Ricordate la definizione di ‘analfabetismo funzionale’ data dal governatore della Banca d’Italia, Ignazio Visco, a proposito dell’educazione finanziaria degli italiani? Sono persone “incapaci di adattarsi all’evoluzione della società moderna”, chiosò l’improvvido governatore al centro della bufera. Il punto è proprio questo. Hanno costruito un mondo a misura dei banditi, degli avventurieri e degli incapaci ma protetti politicamente e chi non lo accetta, è un idiota, un analfabeta.
La conseguenza di questo stato di cose, anzi di questo stato ‘mentale’ è che la dignità del lavoro oggi è considerata pari a zero. La dignità, l’unica riconosciuta da tutti, è quella dei soldi. E se il lavoro non ha più dignità, non la hanno più neanche i lavoratori. Il Jobs Act ne è la rappresentazione plastica: sei stato licenziato ingiustamente? Ti pago, ma non ti riassumo.
Sapete bene che non è sempre stato così. Tutto ciò ha un’origine storia e dei responsabili ben precisi, come viene efficacemente riportato in un libro di Elio Lannutti e Franco Fracassi, Morte dei Paschi (ed. Paper First).
La finanziarizzazione delle nostre coscienze iniziò con un presidente Usa (tanto idolatrato dall’attuale segretario del Pd), Bill Clinton. Era il 1999 quando Clinton, per mano ed istigazione del suo Ministro del Tesoro, Robert Rubin, abrogò il Glass-Steagall Act, una legge del 1933 che vietava alle banche d’affari di fondersi con le banche di risparmio e credito. La saggia misura era stata adottata da Franklin Delano Roosvelt appena eletto per risollevare un paese devastato dalla crisi del ’29. Era dai tempi di Reagan che il mondo finanziario cercava di abolire questa legge di civiltà ma a riuscirci fu appunto Rubin, ingaggiato da Clinton direttamente dalla Goldman Sachs della quale era CoPresidente.
Grazie all’abolizione di quella legge provvidenziale del ’33, nacque immediatamente una mega banca, la City Group, che incorporò cinque banche d’affari e una di commercio. Fu l’inizio di una nuova carriera per Rubin, che ne divenne amministratore delegato. L’inizio della fine per risparmiatori e lavoratori.
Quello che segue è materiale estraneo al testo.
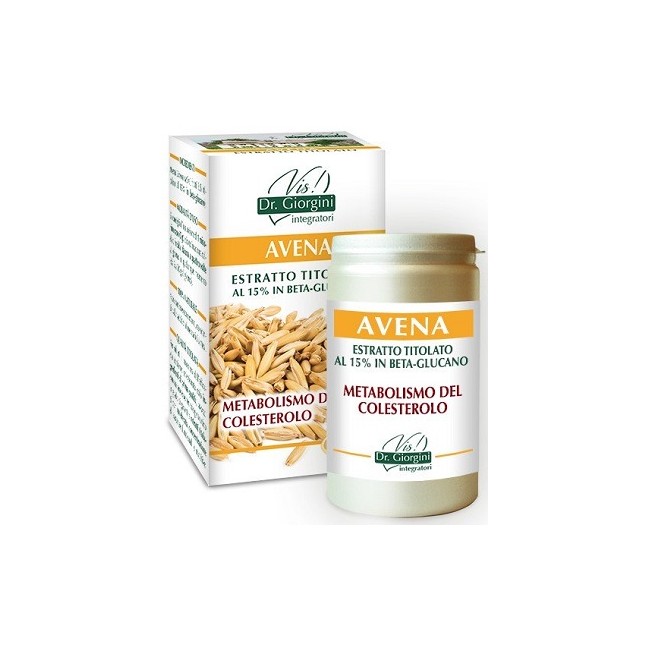 AVENA ESTRATTO TITOLATO POLVERE 150 G AVENA ESTRATTO TITOLATO POLVERE 150 G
La società ‘opulenta’ nella quale dopo la seconda Guerra Mondiale il ceto medio aveva prosperato e si era elevato socialmente stava per finire e l’epilogo lo hanno crudelmente scritto le crisi dei subprime e dei derivati che alla fine hanno trascinato nel gorgo della follia finanziaria anche le banche italiane. Il grande economista liberal John Kenneth Galbraith (1908-2006) individuò almeno cinque fattori di grave debolezza nell’economia americana causa della crisi del 1929:
– cattiva distribuzione del reddito;
– cattiva struttura o cattiva gestione delle aziende industriali e finanziarie;
– cattiva struttura del sistema bancario;
– eccesso di prestiti a carattere speculativo;
– errata scienza economica (perseguimento ossessivo del pareggio di bilancio e quindi assenza di intervento statale, considerato un fattore penalizzante per l’economia).
Vi ricorda qualcosa?
Buona Europa e buon Mario Draghi a tutti.